Chivers claims the Government intruded on, or surveilled, ex parte hearings in which he, the judge, and his defense attorney were present. Chivers claims that during these closed meetings in the Eastern District of Kentucky, he discussed how he believed he should not be prosecuted in Kentucky for a traffic stop that occurred in Ohio. (Mot. to Dismiss at #107, 113). Because he says these statements occurred only in hearings that ostensibly took place outside the Government's presence, he argues that the only way the Government could know he had issues with proceeding to trial in Kentucky was by listening in on those closed hearings. (Id. at #113).
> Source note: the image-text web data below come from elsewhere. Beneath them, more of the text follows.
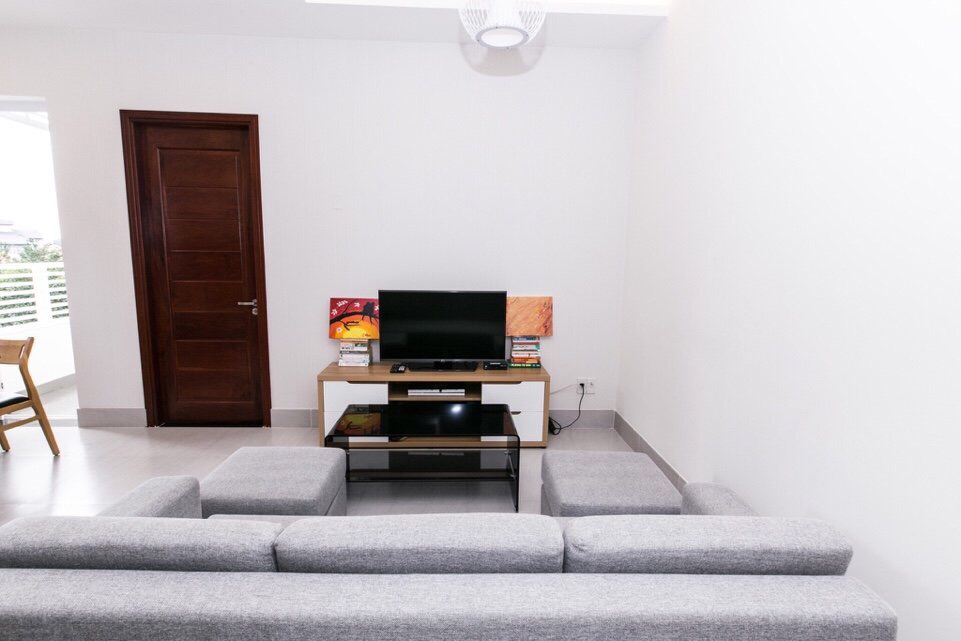 1 Bedroom Serviced Apartment for rent in Thao Dien Ward, District 2, HCM City, VN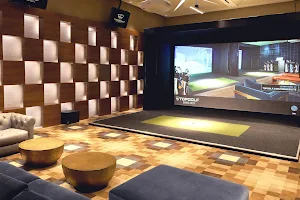 Topgolf Swing Suite at MGM Grand Detroit image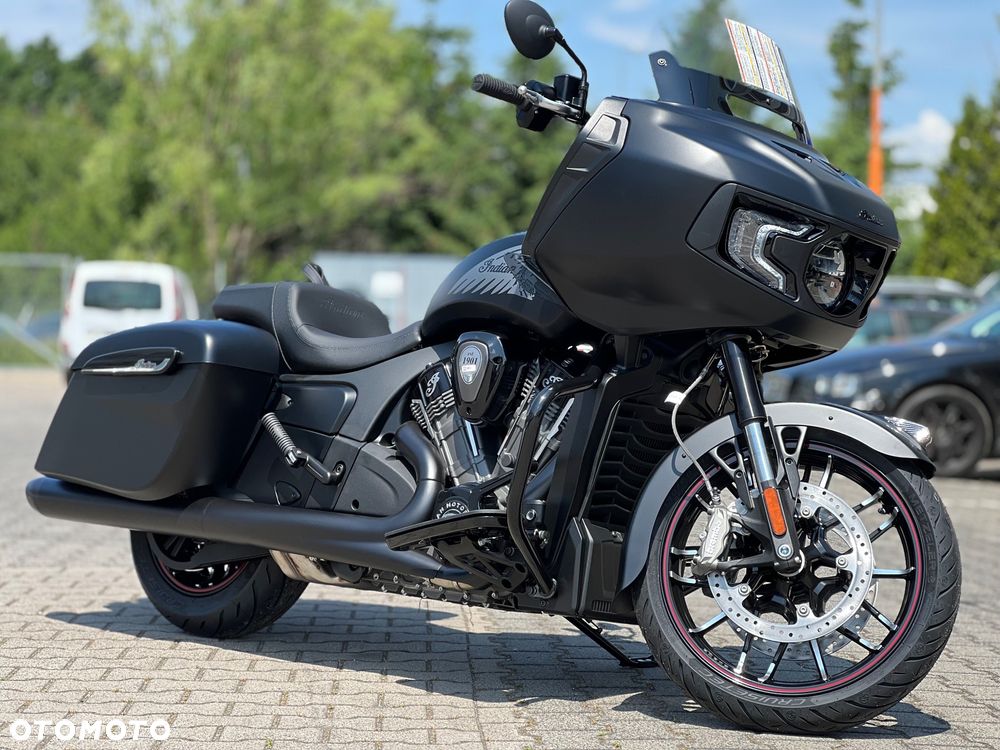 Indian Challenger - 7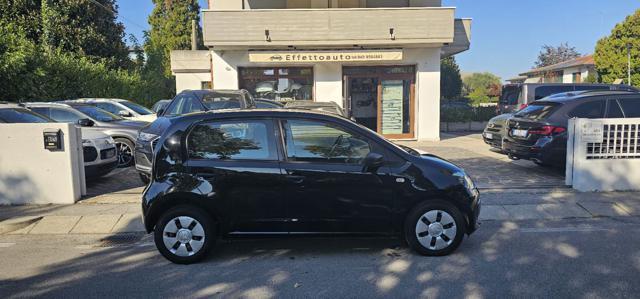 VOLKSWAGEN up! 1.0 5p. take up!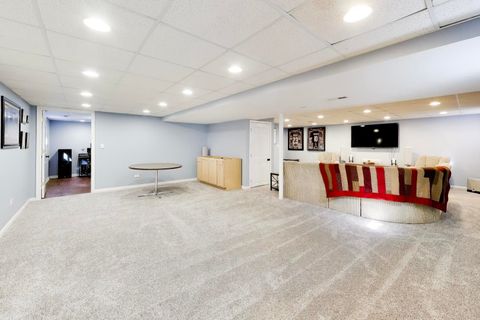 Tiny photo for 850 Tartans Drive, West Dundee, IL 60118 (MLS # 12578311)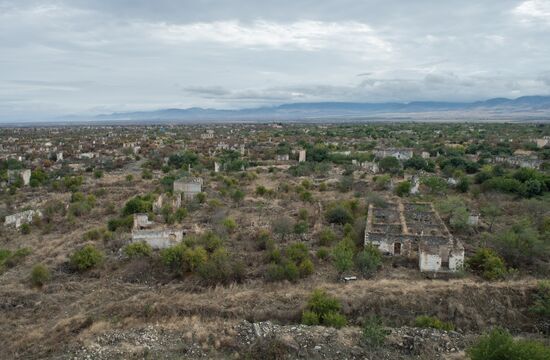 Nagorno-Karabakh
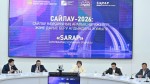 Эксперты обсудили итоги избирательной компании в Курултай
The docket reflects that the hearings to which he refers were in fact closed to the public and the Government, and the docket contains no indication that the Government was present at them. (U.S. Memo. in Supp. at #142–43; see also, e.g. , EDKY Docket, Ex. D, Doc. 23-5, #177 ("MINUTE ENTRY for ATTORNEY APPOINTMENT HEARING as to Darnell Chivers held on 6/6/19 .... The Court then conducted a closed hearing.")). But, the "evidence" to which Chivers points as support for his claim that the Government was surreptitiously present at those closed hearings—i.e., the Government's knowledge of Chivers’ desire to be tried in Ohio rather than Kentucky—in fact lends no support to his allegation. That is so because, as the Government points out, Chivers made such statements on the record at hearings at which the Government was in fact present (and properly so). See Tr. of United States v. Chivers , 6:19-CR-04 (No. 50) (E.D. Ky. Aug. 5, 2019) ("I have a right to have a trial in the jurisdiction the case happened ... because ... a gun found in Ohio[ ] doesn't have nothing to do with London, Kentucky (sic)[.]").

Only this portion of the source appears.